Proposed financial penalties of up to £50,000 per breach of UK draft pensions dashboard regulations are a major risk for schemes to mitigate, according to one legal expert.

Responding to the UK government’s consultation response, Tom Barton of Pinsent Masons said ministers’ decision not to remove liability for mistakes and misunderstandings using disclaimers was “a serious business”. He added: “The penalties regime, and the introduction of a new Private Members Bill that seeks to ban trustees and managers from being indemnified from fines associated with pensions dashboards, already pile the risk and pressure on schemes.”

Pensions dashboards, provided by the Money and Pensions Service (MaPS) and other organisations who meet the requirements to develop and host their own versions, are designed to offer savers a choice of how they keep track of their pension pots. The first rollout of pensions dashboards will allow people to find their pensions and then view simple information about their value, but ministers expect user insights and experience to be enhanced further as the use of dashboards becomes more commonplace.

The government said that, once dashboards are available, schemes could receive millions of requests from individuals to find their pensions, followed by requests to view information about them. It said there was potential for any errors in the provision of pensions information to be “amplified and cause detriment to multiple individuals” and “undermine public confidence” in pensions savings.

Ministers said they want an enforcement regime “to be able to reflect the scale of any potential detriment that could be caused by failure to comply” with regulations and are set to give The Pensions Regulator (TPR) powers to issue penalties of up to £5,000 in the case of an individual - or £50,000 in other cases – per request. TPR’s ability to issue multiple penalty notices within a single document if there have been multiple breaches is intended as a “significant deterrent to non-compliance”.

But Barton said schemes were “working hard to make sense of a complex collision of pensions, data and technology” in order to ensure that pensions dashboards function correctly, and echoed concerns from several consultation respondents about industry liability. The government response acknowledged worries that schemes could be held liable for an individual mis-using or misinterpreting data that has been provided by them or for failing to return a match – or reporting a match to the wrong individual.

Concern was also expressed from some respondents that individuals may act upon the values they see on dashboards, even though such values could be estimates and may be expressed in a simplified form to meet the requirements in the regulations. The Pensions and Lifetime Savings Association (PLSA) recommended that all dashboards should include a disclaimer explaining that the pension incomes shown are only estimates with wording that “extinguishes schemes’ liability” from users making poor decisions based on the data presented on dashboards.

In response, the government said its draft regulations include a mechanism for the review and appeal of penalty notices, and added that TPR already has discretion to not take enforcement action if a scheme is unable to comply due to circumstances outside their control. It said: “The compliance framework does allow TPR discretion in deciding whether to take enforcement action in respect of a breach of the regulations and TPR will take individual circumstances into account. We understand TPR intend to consult on their compliance and enforcement policy shortly after Department for Work and Pensions has laid the regulations before parliament.”
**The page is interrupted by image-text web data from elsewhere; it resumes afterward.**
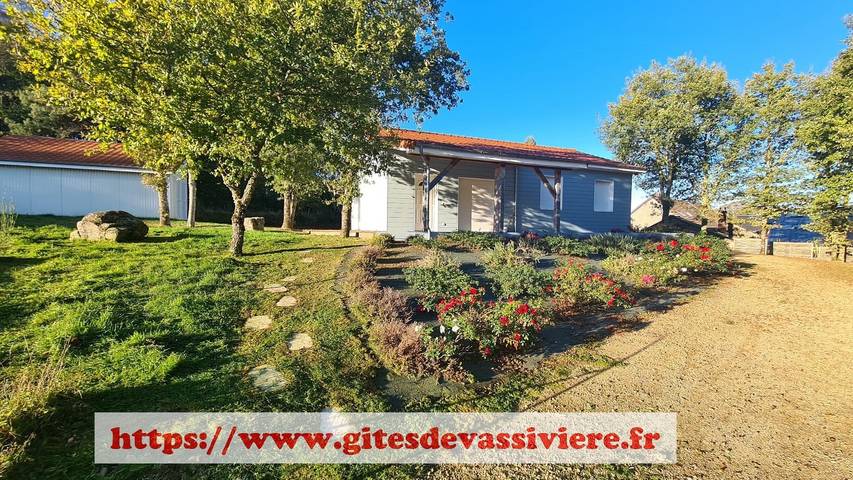 Chalet pour 7 personnes, avec jardin et terrasse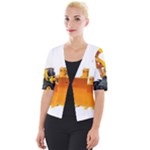 Earth-moving machinery brand new wheel loader sinomach 1.1CBM 2T 918H wheel loader Cropped Button Cardigan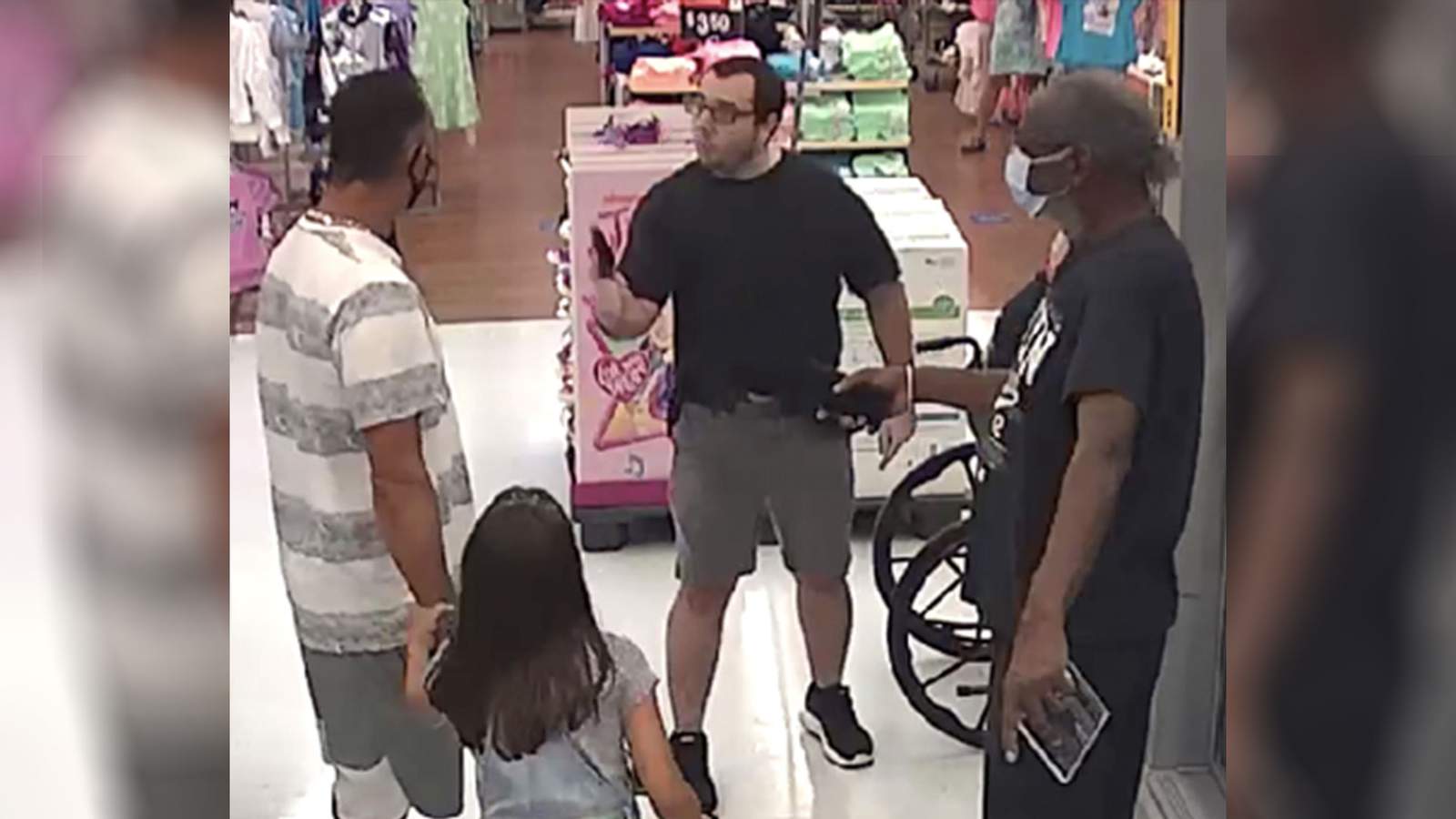 Walmart shopper pulls gun on man in dispute over mask, police say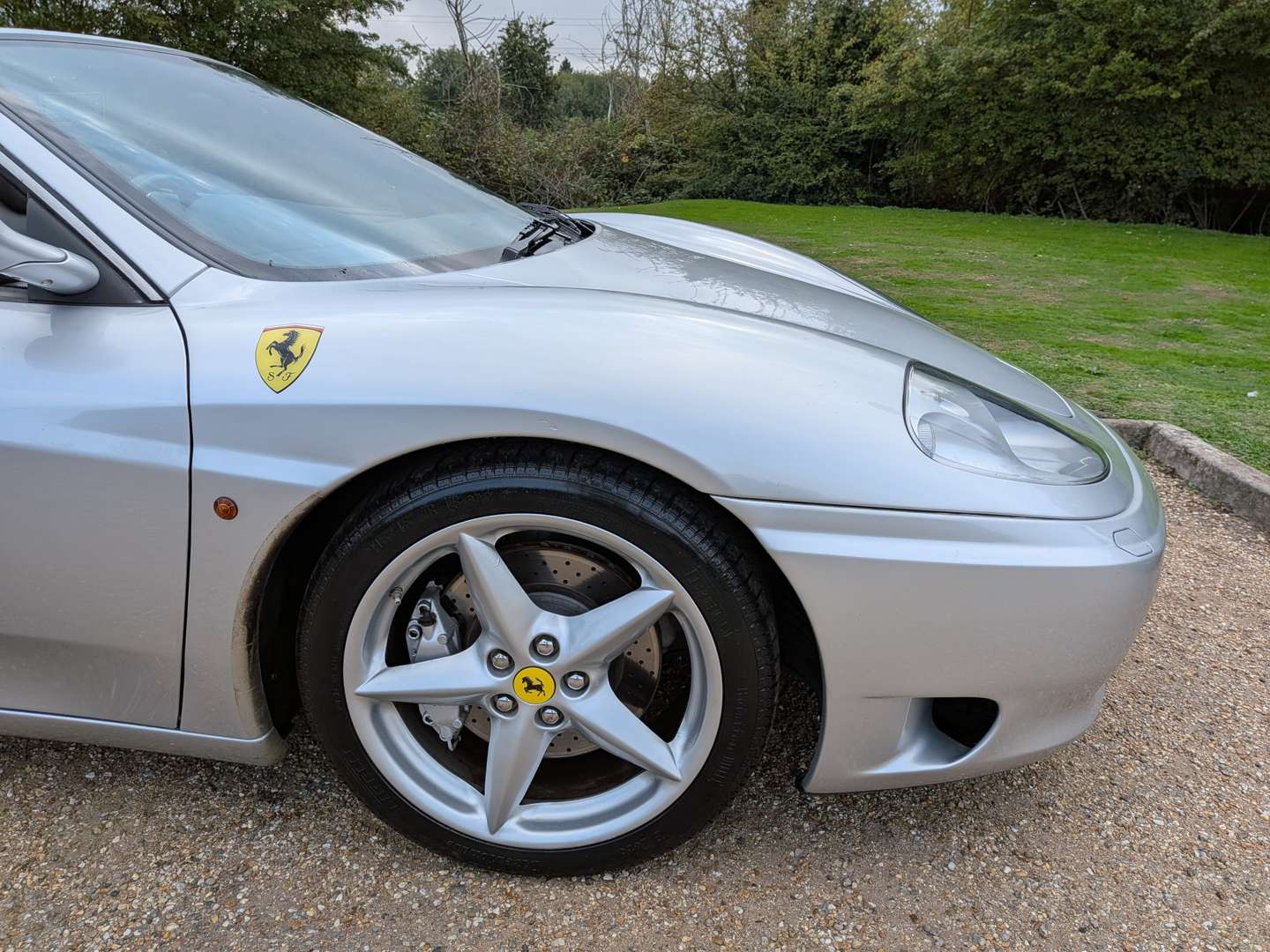 <p>2002 FERRARI 360 MODENA</p>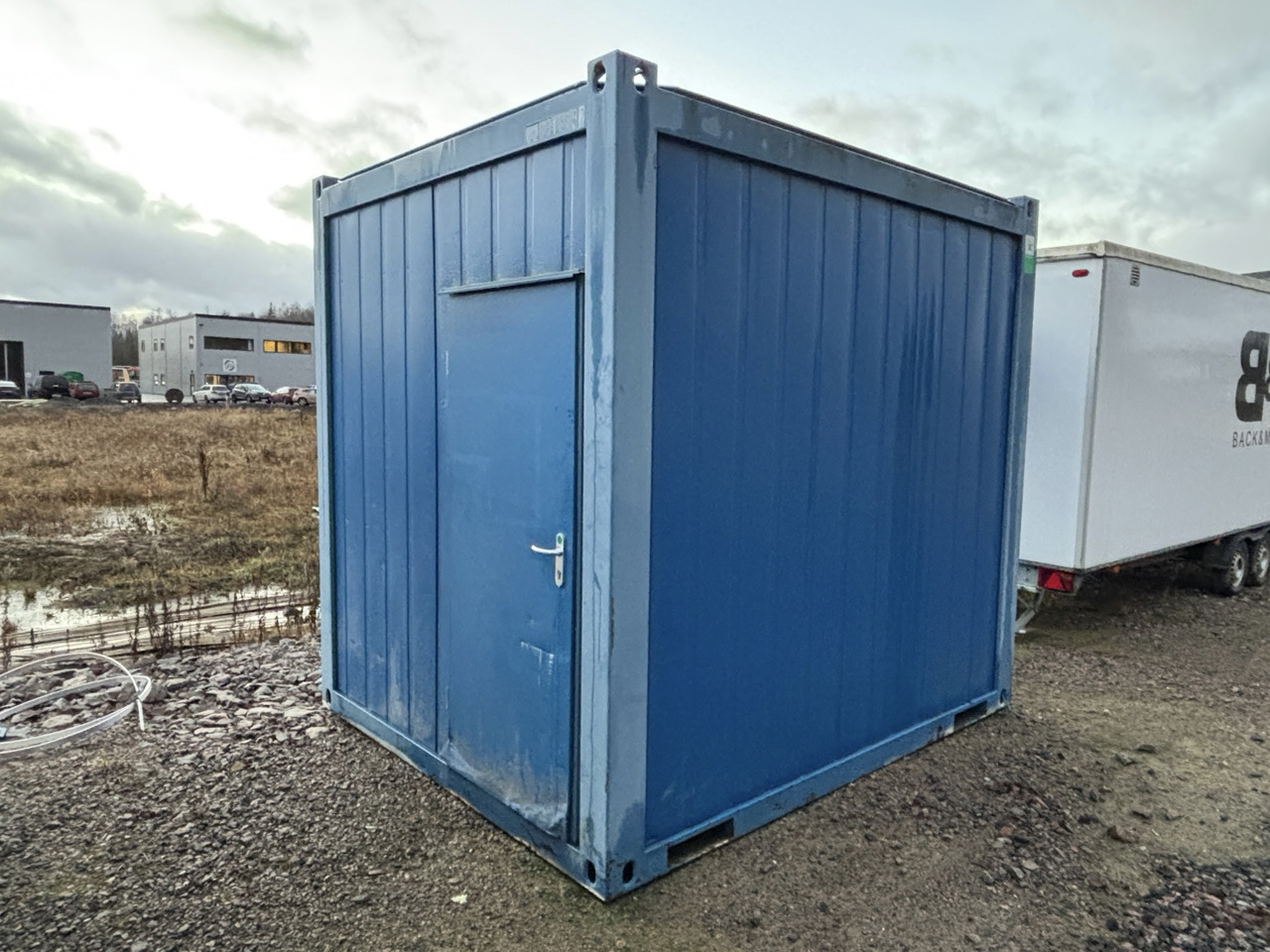 Containex BM 10 - Construction container: picture 1 Containex BM 10 - Construction container: picture 1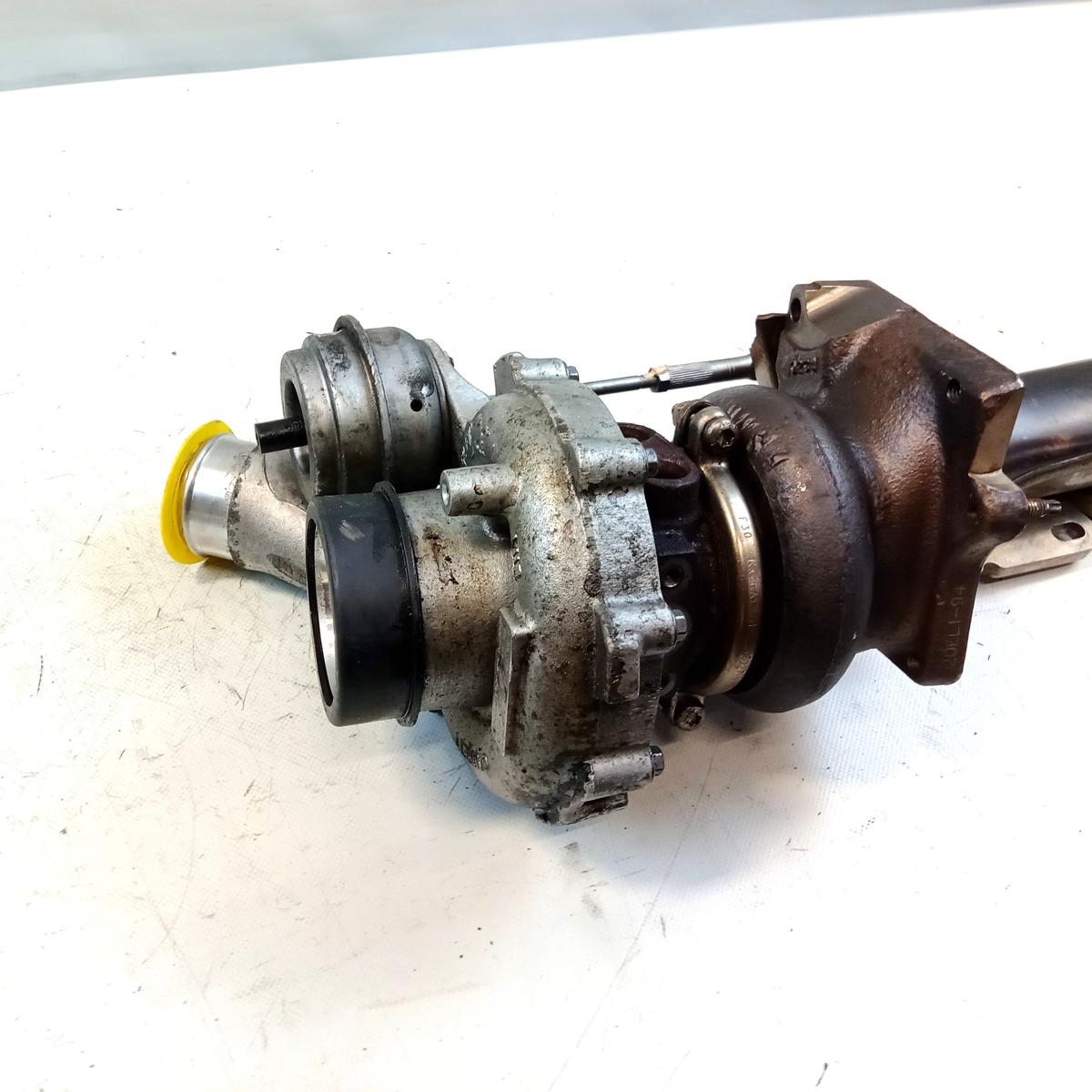 Mercedes E 500 4-Matic 212 original Turbolader links Teilespender Bj.2011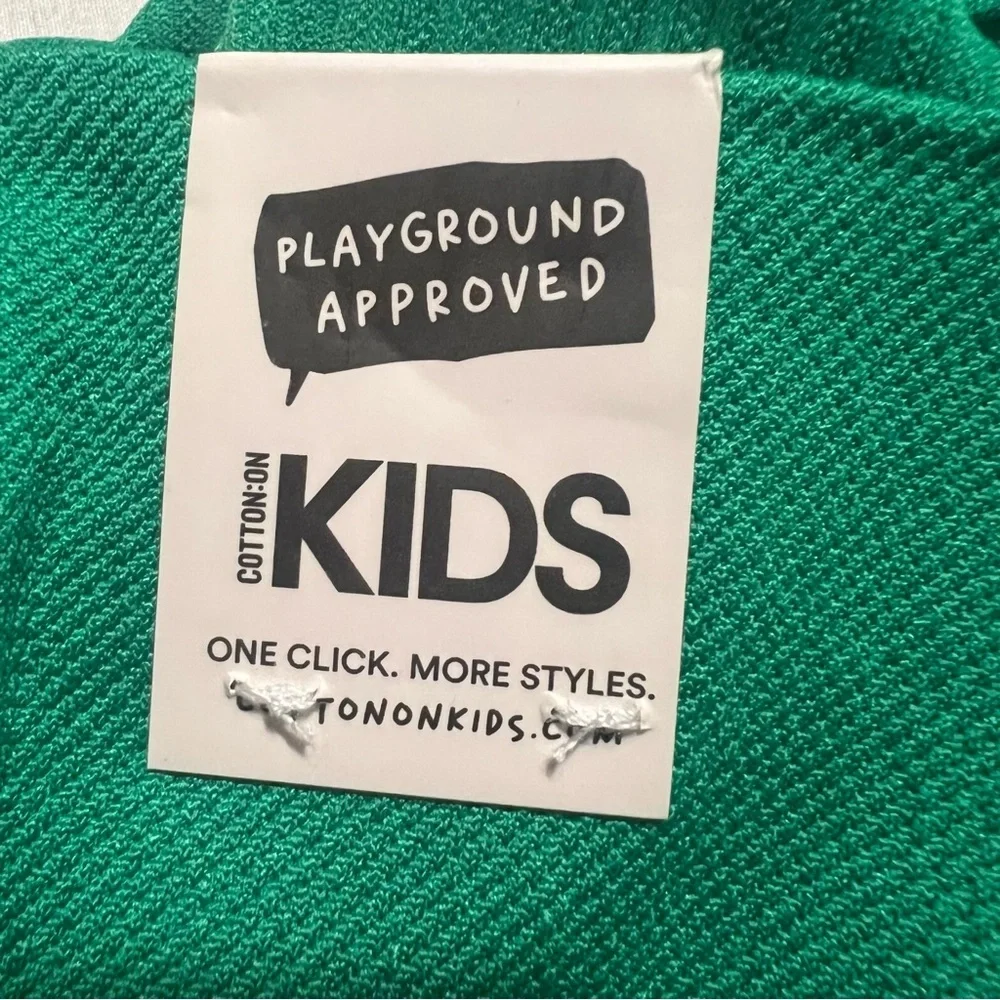 Cotton On Kids Ida Seamfree Bike‎ Shorts | Color: Green Splash | NEW/NWT!!💚💚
The same consultation response also confirms changes to the staging timetable for big master trusts and defined contribution (DC) schemes which would have been included in the first round of dashboard rollouts. They now have an extra two months to connect to the dashboard ecosystem – and a longer connection window. Barton said: “Hybrid schemes should also double check their staging deadline, because it is now going to be based on total deferred or active membership numbers as though they are all DB members. The same principle applies to master trusts, meaning hybrid master trusts will not now need to connect before the end of November 2023.”